Advanced Computing in the Age of AI | Friday, March 29, 2024

Green Revolution Powered by (Mineral) Oil 

Austin-based Green Revolution Cooling uses mineral oil as the liquid for its datacenter cooling systems. The idea came to Christiaan Best as a friend described to him the cooling systems that were being installed at North American Aerospace Defense Command (NORAD).

Datacenters normally use air-conditioning or a liquid cooling system to keep things from overheating. Austin-based Green Revolution Cooling (GRC) is the only one to use mineral oil as the liquid for their system.

The idea came to Christiaan Best, CEO and Technical Founder of GRC, as a friend described to him the cooling systems that were being installed at North American Aerospace Defense Command (NORAD).

"Doing submersion in liquid was not something we came up with," Best told the Texas Advanced Computing Center. "People have been submerging electronics for 50 years. But now, people who run datacenters are starting to build dedicated buildings just to move the air through computers. Where does this madness end?"

A standard datacenter will be full of rack servers, with enough space between them to allow for airflow. The datacenter will also be positively pressurized to keep out dust. These datacenters generate so much heat that half of the cost of building a new one is the specializations required for air-cooling servers.

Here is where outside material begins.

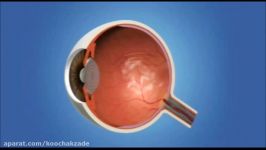 What Causes Eye Floaters and Blurred Vision  Symptoms and Treatment For Eye Floaters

GRC's liquid cooling system, known as CarnaJet, has a similarity to other liquid cooling systems. They all use liquid, which is better at picking up heat and removing from the datacenter. The type of liquid used is what's different, and that can range from water to exotic chemicals, as well as how to keep the liquid apart from the electronics to avoid damage.

There's no one universally accepted method to cooling a datacenter with liquid. Some datacenters use water only to move the heat generated outside. Another way is to use chilled water and move the heat through pipes then out of the datacenter.

Seawater is also a liquid used to cool datacenters. By pumping seawater through a datacenter's HVAC system, the air circulating within a facility is cooled, which lowers the inside temperature. Using seawater eliminates the need to chill the water.

A more targeted approach involves supplying cool water to the rack or cabinet. In the case of enclosed cabinets, only the space surrounding the servers need be cooled—the remainder of the room is largely unexposed to the heat produced by the IT equipment. This approach is similar to the whole-room case using CRAHs, except that only small spaces (the interiors of the cabinets) are cooled.

Cooling can be targeted even more directly by integrating the liquid system into the servers themselves. For instance, Asetek provides a system in which the CPU is cooled by a self-contained liquid apparatus inside the server. Essentially, it's a miniature version of the larger datacenter cooling system, except the interior of the server is the "inside" and the exterior is the "environment." Of course, the heat must still be removed from the rack or cabinet – which can be handled by any of the above systems.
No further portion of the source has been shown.